▶ What is needed
Give back each line below verbatim.

▶ Recorded data

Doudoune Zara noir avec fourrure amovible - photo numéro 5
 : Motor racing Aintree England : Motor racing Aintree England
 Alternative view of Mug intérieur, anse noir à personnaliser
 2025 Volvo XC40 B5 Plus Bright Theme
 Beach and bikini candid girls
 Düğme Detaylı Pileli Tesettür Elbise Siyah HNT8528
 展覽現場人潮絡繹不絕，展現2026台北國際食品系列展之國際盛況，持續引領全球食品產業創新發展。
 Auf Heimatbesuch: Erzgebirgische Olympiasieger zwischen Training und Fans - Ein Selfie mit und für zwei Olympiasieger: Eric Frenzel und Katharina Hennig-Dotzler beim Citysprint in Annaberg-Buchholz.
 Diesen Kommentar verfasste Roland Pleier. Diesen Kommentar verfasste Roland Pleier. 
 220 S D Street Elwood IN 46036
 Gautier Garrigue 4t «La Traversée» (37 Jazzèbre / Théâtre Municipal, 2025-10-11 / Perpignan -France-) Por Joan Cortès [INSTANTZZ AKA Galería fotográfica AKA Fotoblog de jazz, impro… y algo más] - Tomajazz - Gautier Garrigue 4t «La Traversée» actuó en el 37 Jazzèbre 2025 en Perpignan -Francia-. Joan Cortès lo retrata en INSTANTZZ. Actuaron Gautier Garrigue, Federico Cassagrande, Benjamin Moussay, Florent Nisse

▶ Answer box
Doudoune Zara noir avec fourrure amovible - photo numéro 5
 : Motor racing Aintree England : Motor racing Aintree England
 Alternative view of Mug intérieur, anse noir à personnaliser
 2025 Volvo XC40 B5 Plus Bright Theme
 Beach and bikini candid girls
 Düğme Detaylı Pileli Tesettür Elbise Siyah HNT8528
 展覽現場人潮絡繹不絕，展現2026台北國際食品系列展之國際盛況，持續引領全球食品產業創新發展。
 Auf Heimatbesuch: Erzgebirgische Olympiasieger zwischen Training und Fans - Ein Selfie mit und für zwei Olympiasieger: Eric Frenzel und Katharina Hennig-Dotzler beim Citysprint in Annaberg-Buchholz.
 Diesen Kommentar verfasste Roland Pleier. Diesen Kommentar verfasste Roland Pleier. 
 220 S D Street Elwood IN 46036
 Gautier Garrigue 4t «La Traversée» (37 Jazzèbre / Théâtre Municipal, 2025-10-11 / Perpignan -France-) Por Joan Cortès [INSTANTZZ AKA Galería fotográfica AKA Fotoblog de jazz, impro… y algo más] - Tomajazz - Gautier Garrigue 4t «La Traversée» actuó en el 37 Jazzèbre 2025 en Perpignan -Francia-. Joan Cortès lo retrata en INSTANTZZ. Actuaron Gautier Garrigue, Federico Cassagrande, Benjamin Moussay, Florent Nisse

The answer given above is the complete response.